> DATASET CONTENT
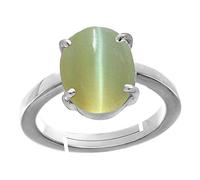 DENMOUS Unheated Untreatet Certified 9.25 Ratti Deluxe Quality Cats Eye Adjustable Ring Silver Plated Gemstone By Lab Certified(Top Aaa+) Quality For Man And Wouman-B08KDMX9-01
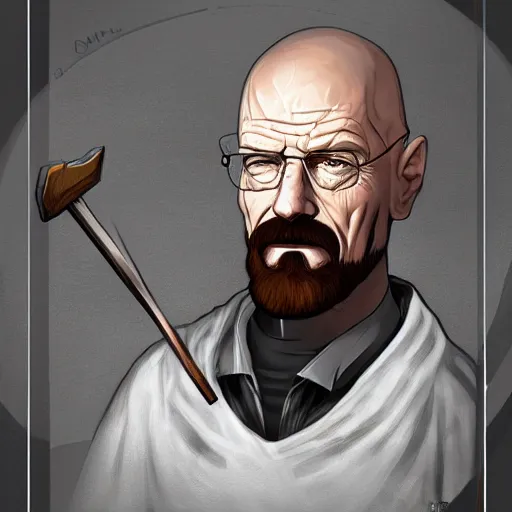 Image similar to walter white as a wizard from dungeons and dragons, digital art, portrait, trending on artstation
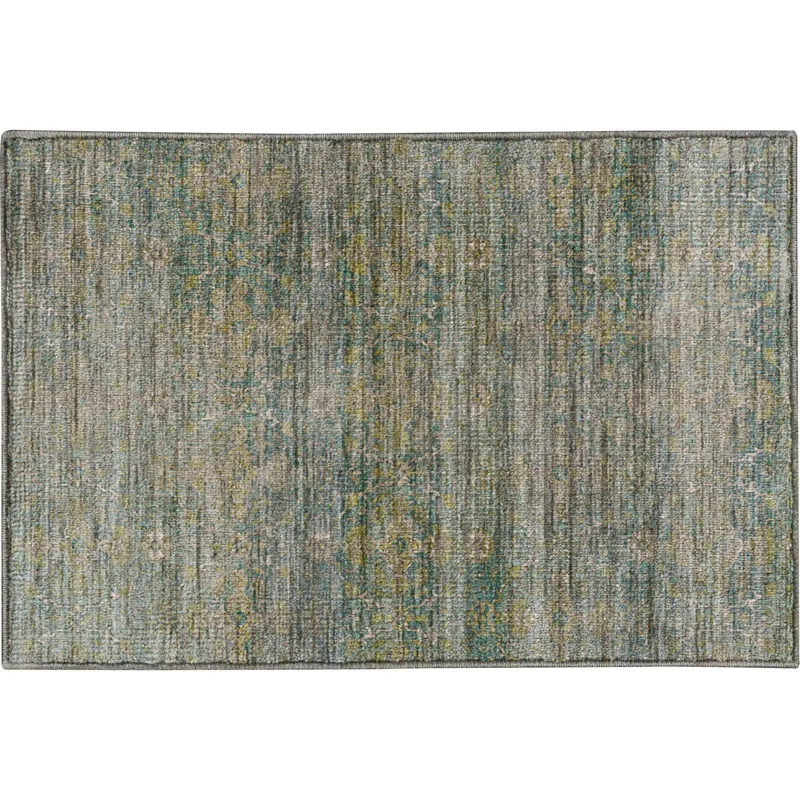Machine Washable Aristo Teal 1\'8\" x 2\'6\" Rug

> WORK TO BE COMPLETED
Copy out every line above, word for word, minus images.

> ANSWER BOX
 DENMOUS Unheated Untreatet Certified 9.25 Ratti Deluxe Quality Cats Eye Adjustable Ring Silver Plated Gemstone By Lab Certified(Top Aaa+) Quality For Man And Wouman-B08KDMX9-01
 Image similar to walter white as a wizard from dungeons and dragons, digital art, portrait, trending on artstation
Machine Washable Aristo Teal 1\'8\" x 2\'6\" Rug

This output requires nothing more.